(Short web captions)
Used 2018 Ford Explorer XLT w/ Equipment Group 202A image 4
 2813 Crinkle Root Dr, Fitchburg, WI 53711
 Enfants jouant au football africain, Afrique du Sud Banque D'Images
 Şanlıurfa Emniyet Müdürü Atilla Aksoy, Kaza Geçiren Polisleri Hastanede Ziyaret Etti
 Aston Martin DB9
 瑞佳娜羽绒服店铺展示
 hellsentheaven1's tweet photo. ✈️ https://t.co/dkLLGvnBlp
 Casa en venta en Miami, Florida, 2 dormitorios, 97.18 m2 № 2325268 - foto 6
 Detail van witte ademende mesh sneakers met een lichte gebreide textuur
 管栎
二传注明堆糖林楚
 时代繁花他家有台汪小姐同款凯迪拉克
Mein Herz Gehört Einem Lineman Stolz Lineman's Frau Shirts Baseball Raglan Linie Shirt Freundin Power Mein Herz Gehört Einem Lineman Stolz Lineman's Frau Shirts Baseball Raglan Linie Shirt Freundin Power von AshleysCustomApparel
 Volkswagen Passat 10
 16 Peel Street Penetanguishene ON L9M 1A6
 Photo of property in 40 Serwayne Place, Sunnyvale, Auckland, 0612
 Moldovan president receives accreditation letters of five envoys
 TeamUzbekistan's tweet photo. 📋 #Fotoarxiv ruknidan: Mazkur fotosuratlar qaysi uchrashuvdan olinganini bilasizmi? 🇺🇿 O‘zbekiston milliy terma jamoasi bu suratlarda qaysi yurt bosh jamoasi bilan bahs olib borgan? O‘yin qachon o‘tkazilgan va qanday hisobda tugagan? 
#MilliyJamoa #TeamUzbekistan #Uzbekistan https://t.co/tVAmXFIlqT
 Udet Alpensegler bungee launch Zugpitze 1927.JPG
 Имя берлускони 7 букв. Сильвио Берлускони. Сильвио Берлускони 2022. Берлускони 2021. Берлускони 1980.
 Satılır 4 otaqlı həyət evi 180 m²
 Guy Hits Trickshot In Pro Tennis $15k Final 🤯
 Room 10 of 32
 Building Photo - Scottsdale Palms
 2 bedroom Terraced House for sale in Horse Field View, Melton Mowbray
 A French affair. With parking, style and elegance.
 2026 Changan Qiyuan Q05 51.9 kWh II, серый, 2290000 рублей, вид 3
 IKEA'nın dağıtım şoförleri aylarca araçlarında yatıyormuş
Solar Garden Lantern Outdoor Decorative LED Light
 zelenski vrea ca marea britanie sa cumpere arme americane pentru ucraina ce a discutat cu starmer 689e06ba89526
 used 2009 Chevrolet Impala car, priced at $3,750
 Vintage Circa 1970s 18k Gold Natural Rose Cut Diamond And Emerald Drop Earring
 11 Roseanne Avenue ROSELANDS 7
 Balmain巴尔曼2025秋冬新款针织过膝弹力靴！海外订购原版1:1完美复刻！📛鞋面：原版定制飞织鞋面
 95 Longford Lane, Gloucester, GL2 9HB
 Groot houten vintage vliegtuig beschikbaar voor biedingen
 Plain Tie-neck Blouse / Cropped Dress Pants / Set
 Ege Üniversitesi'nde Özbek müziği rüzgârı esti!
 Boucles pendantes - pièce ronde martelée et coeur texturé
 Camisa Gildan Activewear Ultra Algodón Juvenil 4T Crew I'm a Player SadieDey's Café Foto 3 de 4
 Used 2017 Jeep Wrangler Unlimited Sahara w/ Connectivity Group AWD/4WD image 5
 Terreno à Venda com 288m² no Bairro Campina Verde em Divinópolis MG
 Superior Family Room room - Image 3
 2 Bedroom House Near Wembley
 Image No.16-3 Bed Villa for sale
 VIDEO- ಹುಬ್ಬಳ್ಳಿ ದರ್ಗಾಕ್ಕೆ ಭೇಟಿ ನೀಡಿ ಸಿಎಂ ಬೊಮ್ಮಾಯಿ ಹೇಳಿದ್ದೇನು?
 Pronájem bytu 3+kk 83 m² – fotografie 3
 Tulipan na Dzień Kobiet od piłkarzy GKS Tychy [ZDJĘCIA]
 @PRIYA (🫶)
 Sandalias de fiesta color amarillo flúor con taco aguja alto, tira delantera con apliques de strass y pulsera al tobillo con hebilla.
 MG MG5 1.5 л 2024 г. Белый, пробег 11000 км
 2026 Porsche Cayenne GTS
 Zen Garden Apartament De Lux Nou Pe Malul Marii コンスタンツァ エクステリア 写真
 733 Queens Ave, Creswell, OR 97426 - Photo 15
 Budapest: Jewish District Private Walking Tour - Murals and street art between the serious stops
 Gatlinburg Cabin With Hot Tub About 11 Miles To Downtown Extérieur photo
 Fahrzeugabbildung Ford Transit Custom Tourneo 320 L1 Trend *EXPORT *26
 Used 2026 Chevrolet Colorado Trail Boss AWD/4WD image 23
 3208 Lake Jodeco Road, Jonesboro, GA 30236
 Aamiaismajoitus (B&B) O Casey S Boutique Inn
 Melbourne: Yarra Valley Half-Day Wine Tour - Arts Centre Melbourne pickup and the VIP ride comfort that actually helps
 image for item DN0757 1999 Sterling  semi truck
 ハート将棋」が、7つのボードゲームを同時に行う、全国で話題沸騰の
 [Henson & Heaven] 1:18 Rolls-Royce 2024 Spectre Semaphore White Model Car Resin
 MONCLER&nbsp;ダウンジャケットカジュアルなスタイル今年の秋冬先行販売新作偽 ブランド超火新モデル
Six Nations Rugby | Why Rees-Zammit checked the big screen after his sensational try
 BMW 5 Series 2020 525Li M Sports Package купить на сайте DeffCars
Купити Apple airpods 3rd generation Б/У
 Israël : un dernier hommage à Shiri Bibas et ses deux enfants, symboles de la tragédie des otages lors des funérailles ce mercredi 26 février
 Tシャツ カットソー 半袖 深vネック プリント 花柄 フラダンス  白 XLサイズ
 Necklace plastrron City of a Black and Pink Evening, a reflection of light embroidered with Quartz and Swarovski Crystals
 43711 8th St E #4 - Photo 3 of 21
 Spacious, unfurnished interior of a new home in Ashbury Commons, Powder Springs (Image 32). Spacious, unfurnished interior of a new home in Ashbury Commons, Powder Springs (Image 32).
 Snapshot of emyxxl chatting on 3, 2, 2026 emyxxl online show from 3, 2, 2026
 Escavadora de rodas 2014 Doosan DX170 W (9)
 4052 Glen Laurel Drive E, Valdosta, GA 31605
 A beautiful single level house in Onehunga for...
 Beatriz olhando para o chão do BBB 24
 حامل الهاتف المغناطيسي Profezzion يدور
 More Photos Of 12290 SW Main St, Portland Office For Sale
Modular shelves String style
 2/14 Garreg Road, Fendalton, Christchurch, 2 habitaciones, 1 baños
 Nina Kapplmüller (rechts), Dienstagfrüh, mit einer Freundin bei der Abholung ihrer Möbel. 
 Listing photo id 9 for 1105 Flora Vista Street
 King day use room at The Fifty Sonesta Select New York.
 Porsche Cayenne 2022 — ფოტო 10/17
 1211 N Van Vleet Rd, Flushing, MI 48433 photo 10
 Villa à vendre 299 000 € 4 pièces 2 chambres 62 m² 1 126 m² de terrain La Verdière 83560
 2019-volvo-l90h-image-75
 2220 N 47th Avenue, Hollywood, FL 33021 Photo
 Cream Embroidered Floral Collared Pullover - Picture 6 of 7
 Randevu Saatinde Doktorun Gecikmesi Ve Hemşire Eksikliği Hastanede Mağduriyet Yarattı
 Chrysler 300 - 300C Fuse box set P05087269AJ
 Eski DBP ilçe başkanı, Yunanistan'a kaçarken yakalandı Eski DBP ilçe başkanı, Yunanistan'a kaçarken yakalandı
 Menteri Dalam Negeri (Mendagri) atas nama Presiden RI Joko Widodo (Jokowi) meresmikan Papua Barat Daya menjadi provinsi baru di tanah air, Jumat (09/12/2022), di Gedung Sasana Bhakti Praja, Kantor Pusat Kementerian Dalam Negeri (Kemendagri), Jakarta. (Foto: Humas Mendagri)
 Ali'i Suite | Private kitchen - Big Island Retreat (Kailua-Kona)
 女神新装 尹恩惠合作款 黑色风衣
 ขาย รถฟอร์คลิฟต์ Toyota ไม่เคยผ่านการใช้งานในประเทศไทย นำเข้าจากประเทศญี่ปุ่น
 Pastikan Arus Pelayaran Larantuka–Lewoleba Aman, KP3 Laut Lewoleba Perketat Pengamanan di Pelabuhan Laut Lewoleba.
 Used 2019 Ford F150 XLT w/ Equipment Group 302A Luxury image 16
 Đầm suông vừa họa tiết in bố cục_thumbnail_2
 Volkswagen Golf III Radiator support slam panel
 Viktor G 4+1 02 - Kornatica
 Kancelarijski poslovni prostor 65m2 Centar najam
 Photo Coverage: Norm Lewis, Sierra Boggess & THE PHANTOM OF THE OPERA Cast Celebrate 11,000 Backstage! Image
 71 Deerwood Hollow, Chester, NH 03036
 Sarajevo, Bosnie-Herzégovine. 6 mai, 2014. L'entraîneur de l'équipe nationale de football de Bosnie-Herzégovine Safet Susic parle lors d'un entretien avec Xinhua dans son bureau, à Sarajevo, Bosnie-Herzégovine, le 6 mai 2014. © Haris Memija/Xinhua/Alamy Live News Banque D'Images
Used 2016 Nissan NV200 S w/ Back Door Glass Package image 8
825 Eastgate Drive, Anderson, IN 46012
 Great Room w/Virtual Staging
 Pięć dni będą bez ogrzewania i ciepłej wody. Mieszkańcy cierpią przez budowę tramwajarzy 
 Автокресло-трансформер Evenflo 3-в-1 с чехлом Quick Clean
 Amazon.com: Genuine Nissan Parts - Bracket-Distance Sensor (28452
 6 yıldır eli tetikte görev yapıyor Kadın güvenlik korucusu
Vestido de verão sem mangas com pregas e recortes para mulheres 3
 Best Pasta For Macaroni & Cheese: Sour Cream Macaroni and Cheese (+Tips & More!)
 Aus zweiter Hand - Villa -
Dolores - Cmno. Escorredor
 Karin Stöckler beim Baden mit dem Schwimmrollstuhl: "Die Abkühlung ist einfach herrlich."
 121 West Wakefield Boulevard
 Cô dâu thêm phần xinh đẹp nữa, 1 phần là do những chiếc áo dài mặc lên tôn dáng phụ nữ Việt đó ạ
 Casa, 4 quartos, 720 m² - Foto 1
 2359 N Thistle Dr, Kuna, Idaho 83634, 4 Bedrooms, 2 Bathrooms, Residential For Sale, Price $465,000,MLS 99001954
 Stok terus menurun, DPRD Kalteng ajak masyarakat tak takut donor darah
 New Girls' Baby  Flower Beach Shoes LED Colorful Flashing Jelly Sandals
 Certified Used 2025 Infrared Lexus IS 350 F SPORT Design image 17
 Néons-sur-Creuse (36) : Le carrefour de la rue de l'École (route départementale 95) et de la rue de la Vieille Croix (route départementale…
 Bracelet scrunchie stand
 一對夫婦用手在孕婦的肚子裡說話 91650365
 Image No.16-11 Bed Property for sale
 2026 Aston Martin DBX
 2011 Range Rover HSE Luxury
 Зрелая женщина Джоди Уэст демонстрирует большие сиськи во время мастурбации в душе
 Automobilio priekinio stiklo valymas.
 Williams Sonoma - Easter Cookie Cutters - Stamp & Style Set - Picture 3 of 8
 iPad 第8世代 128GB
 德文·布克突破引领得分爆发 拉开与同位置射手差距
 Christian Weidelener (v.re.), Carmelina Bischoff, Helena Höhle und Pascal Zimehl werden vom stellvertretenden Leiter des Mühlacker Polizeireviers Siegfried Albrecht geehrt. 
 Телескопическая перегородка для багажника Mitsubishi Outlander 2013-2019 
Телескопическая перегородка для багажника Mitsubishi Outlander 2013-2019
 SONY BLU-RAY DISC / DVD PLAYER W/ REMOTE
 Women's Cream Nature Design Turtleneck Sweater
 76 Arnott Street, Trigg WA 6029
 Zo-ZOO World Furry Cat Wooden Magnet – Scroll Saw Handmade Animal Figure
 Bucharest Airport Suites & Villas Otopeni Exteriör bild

What to produce
Copy every line above that includes the string "Road".

Reply to the task
 3208 Lake Jodeco Road, Jonesboro, GA 30236
 2/14 Garreg Road, Fendalton, Christchurch, 2 habitaciones, 1 baños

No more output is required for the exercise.